Una buena muestra de este espíritu
restauracionista es la tendencia actual de una buena parte de la
historiografía actual, especialmente, desde círculos académicos afectos
al régimen. Últimamente, un grupo importante de historiadores
reivindican el corrupto y pseudodemocrático régimen de la Restauración
(1875-1923) y tratan de ensalzar sus virtudes obviando su incapacidad de
afrontar los retos de la modernidad. Desde un aséptico aspecto de
cientifismo académico, tienden a justificar y hacer de recibo lo que,
objetivamente, resulta injustificable y presentable. Curiosamente,
tratan de hacer pasar por moderno un régimen arcaico, que, si bien
instauró el sufragio universal masculino, practicaba, como dijimos, el
fraude electoral de manera sistemática; que, si bien admitía libertades
formales, no dudaba en utilizar la represión como principal fórmula de
resolución de conflictos; que, si bien otorgaba derechos civiles
limitados, utilizó el estado de excepción
de manera casi permanente en las zonas más conflictivas. No es de
extrañar, sin embargo este absurdo. Se trata del segundo capítulo de
esta historia rosa generada alrededor de la Transición.

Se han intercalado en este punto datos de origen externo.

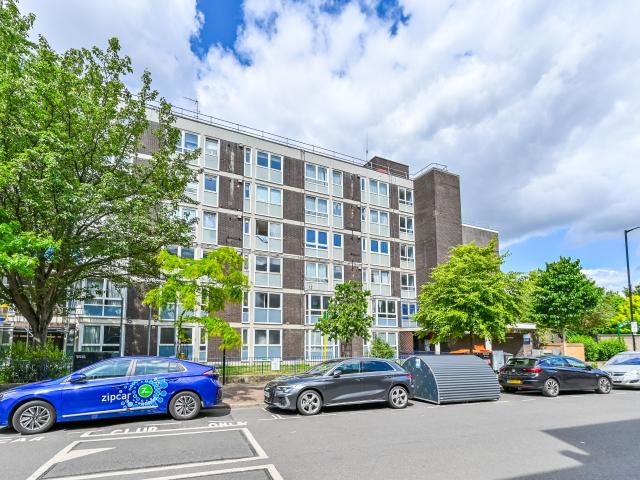 1 Bedroom Flat for Rent in De Beauvoir Estate | Foxtons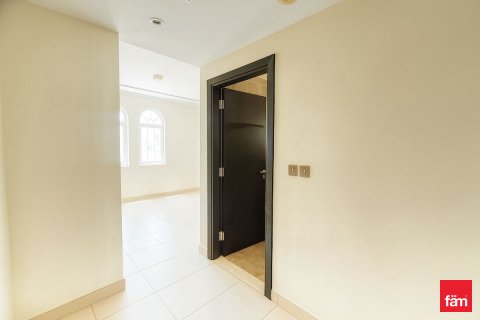 Villa de 3 dormitorios en Dubai, UAE No. 103870 19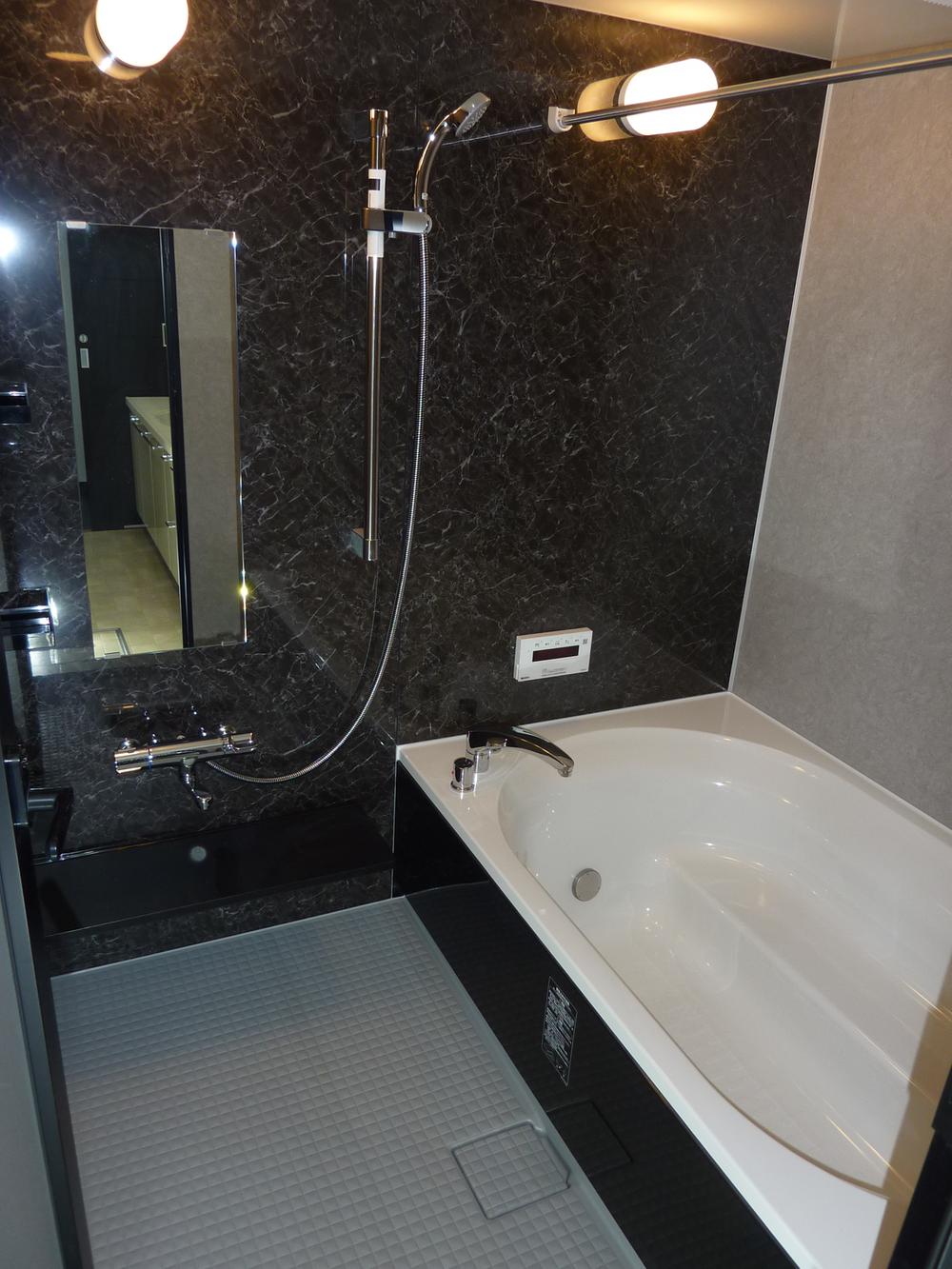 Bathroom. Bathroom exchange (1620 type, 1.25 square meters, Wide bathtub, Ventilation drying heater, Eco-full shower, Full Auto)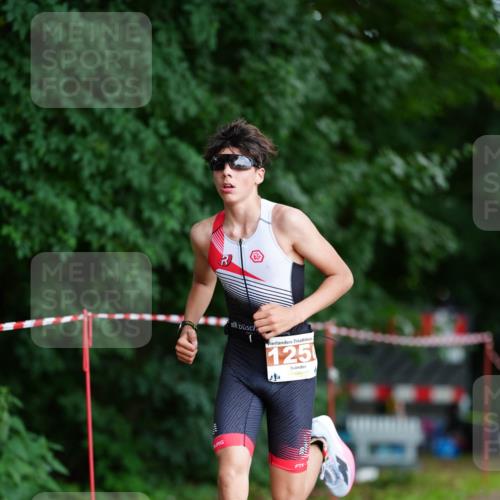 21.06.2026 - 29. Vierlanden-Triathlon LAZAROV Photography http://msf.ph/oto/9874271 21.06.2026 14:57:14 Laufen 125, 14 meine-sportfotos.de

Regreso al pasado, futuro de
aluminosis
La transición a la democracia no fue
hacia delante, sino que fue un regreso al pasado, en que se intentó
reinstaurar un sistema de libertades formales, lograr un pacto social,
construir una sociedad de consenso sin demasiada vocación de que todo
esto se cumpliera. ¿Cómo podía ser ello posible, si los beneficiarios de
cuarenta años de franquismo se mantenían en el poder real? La
Transición, a pesar de toda su leyenda rosa, y de, sin duda, buenas
intenciones de nombres propios que trabajaron duramente para conquistar
una normalidad, fue una estafa, una tomadura de pelo. No sirvió para
restaurar la única legitimidad posible, la repúblicana. No sirvió para
encarar los problemas estructurales del país. No sirvió para reconciliar
a nadie (no puede haber reconciliación sin que el agresor pida perdón a
la víctima). No fue un proceso limpio, sino bajo la coacción de los
sables, las porras de los grises y, sobre todo, el miedo de los vencidos
a la fuerza e impunidad de los vencedores. No fue un proceso
transparente. No creó mayor unidad. Se dedicó a camuflar, disfrazar y
aplazar los problemas. De ello deriva todo este interés por anestesiar
la sociedad civil, evitar que sea consciente de las graves deficiencias
estructurales del país, evitar que piense, evitar que cuestione. Pero
los pisos con aluminosis, si no se pone remedio, pueden acabar
derrumbándose por sí solos, sin necesidad de que ningún avión se lance
contra ellos. [...]
Empieza a ser hora de cuestionar
seriamente una organización política y social que no nos conviene. Deben
cambiar unas formas externas insultantes (los símbolos a los que
hacíamos referencia anteriormente), pero sobre todo, han de cambiar los
contenidos. Tenemos que eliminar las vigas podridas de la aluminosis y
sustituirlas por otras más sólidas. La comunidad de vecinos tiene que
aprovechar entonces para poner un ascensor y arreglar la fachada.